Setelah mengejutkan publik dengan kemunculannya kembali setelah hiatus selama hampir 8 tahun lamanya, Banda Neira seakan belum puas memberi kejutan-kejutan lain kepada pendengarnya. Lagu tunggal Tak Apa Akui Lelah resmi meluncur sesaat setelah mengaktifkan kembali media sosialnya. Lalu diikuti dengan album penuh ketiga Tumbuh dan Menjadi yang berisi 9 lagu yang sudah tersedia di kanal layanan musik digital pada 1 November silam.

Rupanya tak hanya itu, selang beberapa saat kemudian mereka mengumumkan akan menggelar pertunjukan spesial di Solo pada 21 Desember, yang kemudian langsung habis diserbu para pendengar yang ingin menyaksikannya langsung. Kabar baiknya, konser yang sama akan diadakan pula di kota-kota lain dalam serangkaian tur meliputi Jawa dan Bali. Tak perlu berpikir lama, tiketnya saya dapatkan dengan cukup mudah.
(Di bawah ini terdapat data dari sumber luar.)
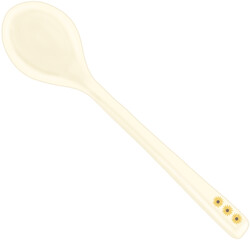 off white vintage ceramics dining set with sunflower ornaments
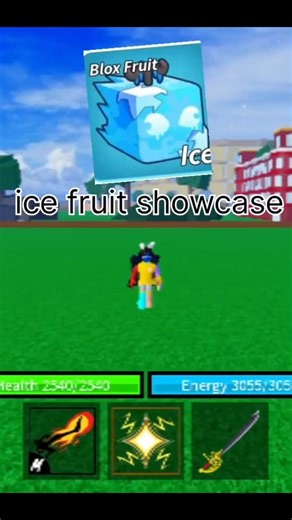 ice fruit showcase (Roblox#Blox Fruit)#GAMING😎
Kesempatan ini mungkin saja tak datang dua kali, pikir saya.

Tibalah di hari pertunjukan, yang hanya berjarak beberapa hari seusai menyaksikan Adhitia Sofyan bernyanyi dengan gitarnya di tengah-tengah hujan. Saya melajukan motor menuju gedung pertunjukan setelah mengikuti misa sabtu sore. Jalanan sedikit padat, mungkin beberapa orang juga merayakan malam minggu mereka yang kebetulan sedang berbaik hati tidak menumpahkan air dari langit. Beberapa pasangan tampak berboncengan, beberapa lainnya menyelipkan bocah cilik yang dijepit di tengah-tengah. Lalu gerombolan sepeda motor dengan suara bising menyalip dengan agak seruntulan.
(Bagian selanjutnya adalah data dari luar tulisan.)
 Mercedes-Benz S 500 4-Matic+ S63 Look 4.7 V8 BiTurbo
SMI Building termpat berlangsungnya acara, tampak masih cukup baru. Kursi-kursi yang telah ditata rapi, terisi lebih dari setengahnya ketika saya datang. Kesan pertama yang saya dapat adalah wewangian yang mampir di indera penciuman. Saya tak tahu apakah di Semarang ini Banda Neira masih bekerja sama dengan Rumah Atsiri atau tidak, sepert halnya di dua kota sebelumnya yaitu Surabaya dan Yogyakarta. Saya duduk di barisan agak ke tengah, penonton yang duduk di kanan kiri saya masih memberi jarak satu kursi kosong, sehingga membuat saya duduk leluasa tanpa takut mengganggu dengan suara sumbang saya ketika ikut bersenandung.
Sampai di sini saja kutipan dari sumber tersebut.